Mazmur 2:7 termasuk dalam Mazmur Raja, yang formulasinya selalu digunakan oleh
umat Israel ketika mereka meneguhkan seorang raja, karena raja diyakini sebagai
orang yang dikenan Allah untuk melaksanakan pemerintahan atas nama Allah. Pada
saat peneguhan seorang raja, Imam Besar akan mengucapkan, “Anak-Ku engkau!
Engkau telah Kuperanakkan pada hari ini.” Kini rumusan tersebut dikenakan
kepada Yesus, dan ditambahkan dengan kutipan Yesaya 42:1, “Kepada-Nya Aku
berkenan.” Kejadian luar biasa yang lain dalam peristiwa pembaptisan Yesus
adalah turunnya Roh Kudus. Hal ini menggenapi apa yang diutarakan dalam ayat
tersebut selanjutnya, “Aku telah menaruh Roh-Ku ke atasnya.” Hal ini
mencerminkan keyakinan penginjil bahwa Yesus telah diurapi dan dilantik sebagai
Raja Mesias dan hamba TUHAN (bdk. Luk. 4:18, yang mengutip Yes. 61:1).[46]

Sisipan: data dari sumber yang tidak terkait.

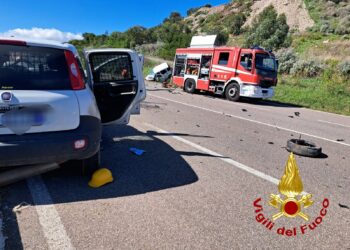 Incidente stradale sulla Sassari-Tempio, un morto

2) Setelah melewati pencobaan di padang gurun, Yesus mengawali pelayanan-Nya
di Galilea dengan suatu proklamasi, “Waktunya sudah genap, Kerajaan Allah sudah
dekat, bertobatlah dan percayalah kepada Injil” (Mk. 1:15). Kairos (‘waktu’ atau ‘saat’) merupakan
konsep teologis yang akrab bagi umat Yahudi, yaitu sebagai datangnya zaman
rahmat, yang di dalamnya Allah menampakkan kemuliaan-Nya, sekaligus merupakan
zaman pembebasan dan pemulihan kejayaan Israel. Waktu atau saat yang mereka
tunggu itu, kini telah dekat (di dalam Kristus). Kata Yunani enggizō yang diterjemahkan mendekat dapat berarti mendekat secara
waktuwi, atau mendekat secara spasial (dalam arti tempat). Secara waktuwi,
Yesus memproklamasikan bahwa Kerajaan Allah sudah hampir tiba, yaitu melalui
seluruh pelayanan-Nya yang berpuncak pada kematian-Nya di kayu salib. Itulah
sebabnya penulis Injil Markus menamai seluruh karangannya sebagai ‘Injil.’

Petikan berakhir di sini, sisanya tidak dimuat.